[[ EXTRACTED MATERIAL open ]]

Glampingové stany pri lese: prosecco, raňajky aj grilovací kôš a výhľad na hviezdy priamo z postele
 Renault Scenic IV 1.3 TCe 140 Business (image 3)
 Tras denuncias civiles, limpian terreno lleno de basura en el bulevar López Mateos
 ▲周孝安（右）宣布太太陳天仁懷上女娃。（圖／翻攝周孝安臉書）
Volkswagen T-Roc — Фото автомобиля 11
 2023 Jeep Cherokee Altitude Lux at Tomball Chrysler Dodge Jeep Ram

[[ EXTRACTED MATERIAL closed ]]

### TASK BRIEF
From the line containing "Tras denuncias civiles, limpian" down to the last line of the data, transcribe every line exactly; nothing else should appear.

### RESPONSE AREA
 Tras denuncias civiles, limpian terreno lleno de basura en el bulevar López Mateos
 ▲周孝安（右）宣布太太陳天仁懷上女娃。（圖／翻攝周孝安臉書）
Volkswagen T-Roc — Фото автомобиля 11
 2023 Jeep Cherokee Altitude Lux at Tomball Chrysler Dodge Jeep Ram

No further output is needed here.